En 2009, l’UA a franchi un autre pas dans ses relations d’opposition avec la CPI. Les Chefs d’Etat et de Gouvernement africains ont mandaté la Commission de l’UA (CUA) d’explorer les possibilités de création d’une structure pénale africaine qui serait chargée d’assurer les poursuites pour les violations graves des droits de l’Homme et du droit international humanitaire commises sur le Continent. En vertu de cette décision, un projet de protocole additionnel au Statut de la Cour africaine de Justice et des droits de l’homme (CAJDH) a été élaboré et a pour objet de nantir cette Cour d’une compétence pénale pour réprimer les crimes internationaux commis sur le Continent tels que le génocide, les crimes contre l’humanité et les crimes de guerre.

Le 12 octobre 2013, l’UA a tenu un sommet extraordinaire dédié aux relations de l’Afrique avec la CPI. Ce sommet a notamment réitéré la position initiale de l’UA qui affirme qu’ « aucune poursuite ne doit être engagée devant un tribunal international contre un Chef d’Etat ou de Gouvernement en exercice ou toute autre personne agissant ou habilitée à agir en cette qualité durant son mandat ».

En fin de parcours, l’UA a pu adopter un protocole additionnel portant amendements au Protocole sur le Statut de la Cour Africaine de Justice et des Droits de l’Homme. L’objet du protocole additionnel est de nantir la Cour Africaine des Droits de l’Homme et des Peuples d’une compétence pénale pour reconnaitre des crimes les plus graves commis sur le Continent. L’examen du nouveau protocole révèle une grande similitude avec la compétence et le fonctionnement de la CPI. Toutefois, il se démarque de cette dernière sur certains aspects touchant aussi bien à la substance qu’aux procédures.

Problématique de la recherche :

Les dirigeants africains, soucieux de redresser la situation de tension, d’ambigüité et d’opportunisme qui résulte de l’état actuel de la coopération des Etats africains (pris individuellement ou au sein de l’UA) avec la CPI, tout en préservant l’impératif de combattre l’impunité, ont opté vers une approche radicale, celle de la création d’une justice pénale continentale qui serait chargée de remplir les fonctions de la CPI quand il s’agit de crimes graves commis sur le Continent.

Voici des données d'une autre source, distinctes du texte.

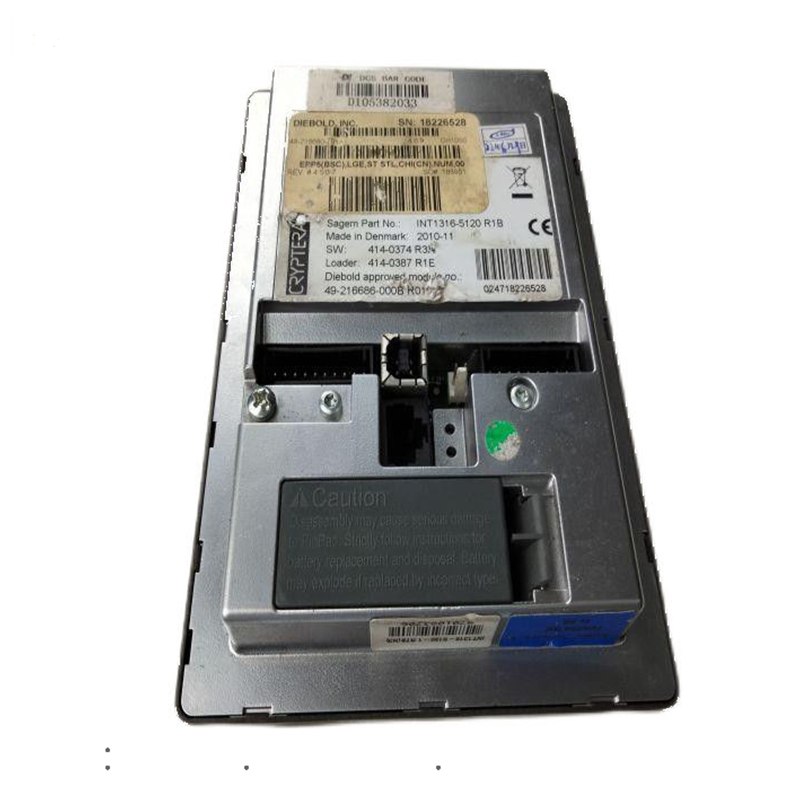 49-216680-701A 49-216680-701A Diebold Keypad EPP5 BSC LGE ST for Diebold Nixdorf ATM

L’ambition de cette étude est d’examiner les implications juridiques de la création d’une structure pénale continentale. Compte tenu de la complexité de la question de la justice pénale internationale, toute analyse juridique ne saurait se limiter à une abstraction totale mais, au contraire, devra, à tous les stades, intégrer la donnée politique qui, le plus souvent, permet de donner des éléments d’explication pouvant préjuger de l’aboutissement de l’ordonnancement juridique préconisé.

Il s’agirait de procéder à l’analyse du mandat et du fonctionnement de la nouvelle structure pénale africaine, de son aptitude juridique (et politique) à donner une consistance tangible au discours politique affirmant un engagement ferme de combattre l’impunité pour les crimes les plus graves. L’examen du protocole établissant une structure pénale africaine permettrait de voir dans quelle mesure cette nouvelle structure réussirait d’une part à dépasser les insuffisances ou les critiques souvent adressées à la CPI et d’autre part à mettre en place un système pénal continental efficace pour combattre l’impunité et poursuivre les responsables des crimes les plus graves.